There 2 different ways to handle the horizontal, vertical and diagnal coefficients details after the AWT: store in the image inplace or in separate matrixes. We have tried both deisgn and compared the speedup result to see which approach has a better memory access pattern and better for parallelizing, we chose to use separate stores for now, but we need to do more experiments before the final decision.

Goals and Deliverables

Currently, we followed our schedule and goals well in the proposal. In the first week, we successfully implemented a baseline of image compression by using a 2D multi-level Adaptive Wavelet Transformation and Reconstruction with the following steps: 1D discrete wavelet transformation –> 2D DWT –> 2D multi-level DWT –> 1D AWT –> 2D AWT –> 2D multi-level AWT. In the second week, we created 3 test dataset: easy_2048, medium_8192, hard_16384. Since the largest test file has a size of 1.6GB, we didn’t push it into our repo, but included the original image and the script to generate the grayscale txt. We also created 2 metrics, MSE and ISSM to test the correctness of our implementation, which should be 0 and 1 respectively for a threshold of 0. Finally, we parallelized the transformation and reconstruction by using the Open_MP, acheving a 4-5x speedup with 12 threads.

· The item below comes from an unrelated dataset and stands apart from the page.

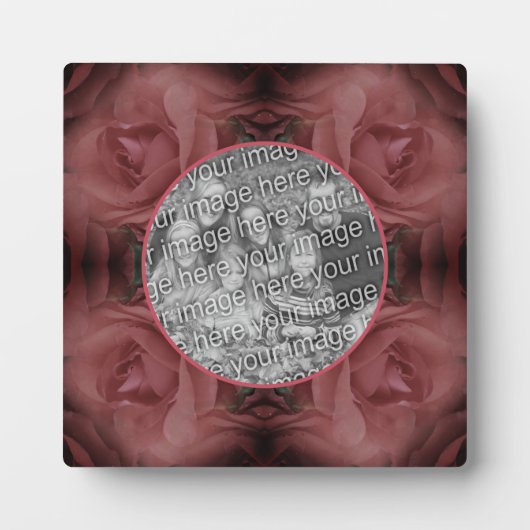 Red Rose Flower Natuur Uw foto toevoegen Fotoplaat (Voorkant)
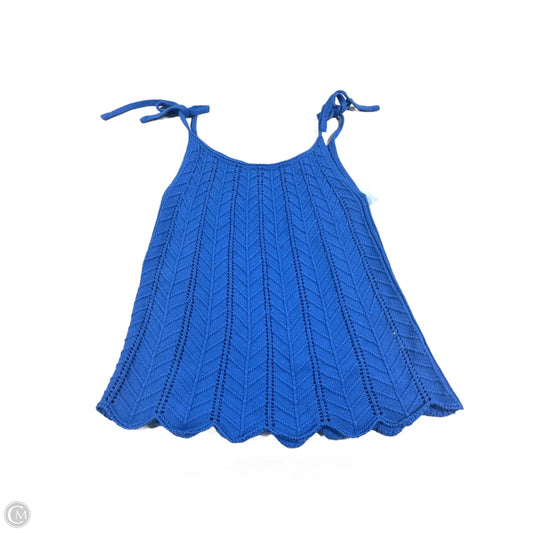 Tank Top By Another Love In Blue, Size: L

We believe we could finish the next deliverable that uses MPI model. Though we are not fully confident to achieve an optimal speedup as the shared memory model due to the communication complexity of AWT, we will try to optimize it as much as possible. similarly, the perfect speedup in the “nice to haves” section of the proposal might be hard to achieve, but we will use different strategies to see the different optimization results and analyze them as well.

Plan for poster session

We plan to mainly provide a brief explanation of the algorithm, a walkthrough of our implementation and approaches to parallelize it, as well as speedup analysis graphs at the poster session. We can also demo compressing a photo of reasonable size live during the poster session.

Visualizations:
- A simple demo compares the image compression speed between a sequential, shared memory model, and MPI model.
- Some plots shows the speedup and metrics of 2 different parallelism with different levels and threshold.
Contexs:
- Some main conclusion in our projects.
- What we learned from our sources, and what we learned during the implementation and optimization.
- Some challenges and limitations we met during the implementation.

Preliminary results

We have started parallelizing the algorithm using a shared memory model with OpenMP. All of the graphs are based on the total computation time, which includes both transformation and reconstruction. Detailed timing results can be found in the spreadsheet via this link.

All curves demonstrate a consistent upward trend as the number of threads increases, which means our implementation scales well so far, and that the per-thread workload is balanced. This also suggests that the 12 available cores in the current system haven’t saturated the full parallel potential of the program.

We have yet to find the threshold when the speedup would start to taper off or degrade, which would need to be done on the GHC or PSC machines. We would also likely to be expecting a different speedup trend and scaling behavior once switching to an MPI model due to the different communication pattern and resulting overhead.

Total speedup for easy_2048

alt text

Total speedup for medium_8192

alt text

Total speedup for hard_16384

alt text

Concerns

With the complexity of the algorithm and parallelizing the AWT, we are not very confident to achieve a similar speed up with MPI version, as there would be a lots of design and communication overhead. We will try different orchestrations, and some possible papers or discussions in public to see if we could find some good intuition behind it.

Another difficulty is the size of the test file, which is about 1.6 GB for the hard case. We were able to test it with at most 12 threads in our local computers, but we are not sure if we have access to the PSC, and if we have enough volume for the test files.

The rest of the work would be tuning and fixing the algorithm itself to ensure correctness while trying to achieve the targeting speedup.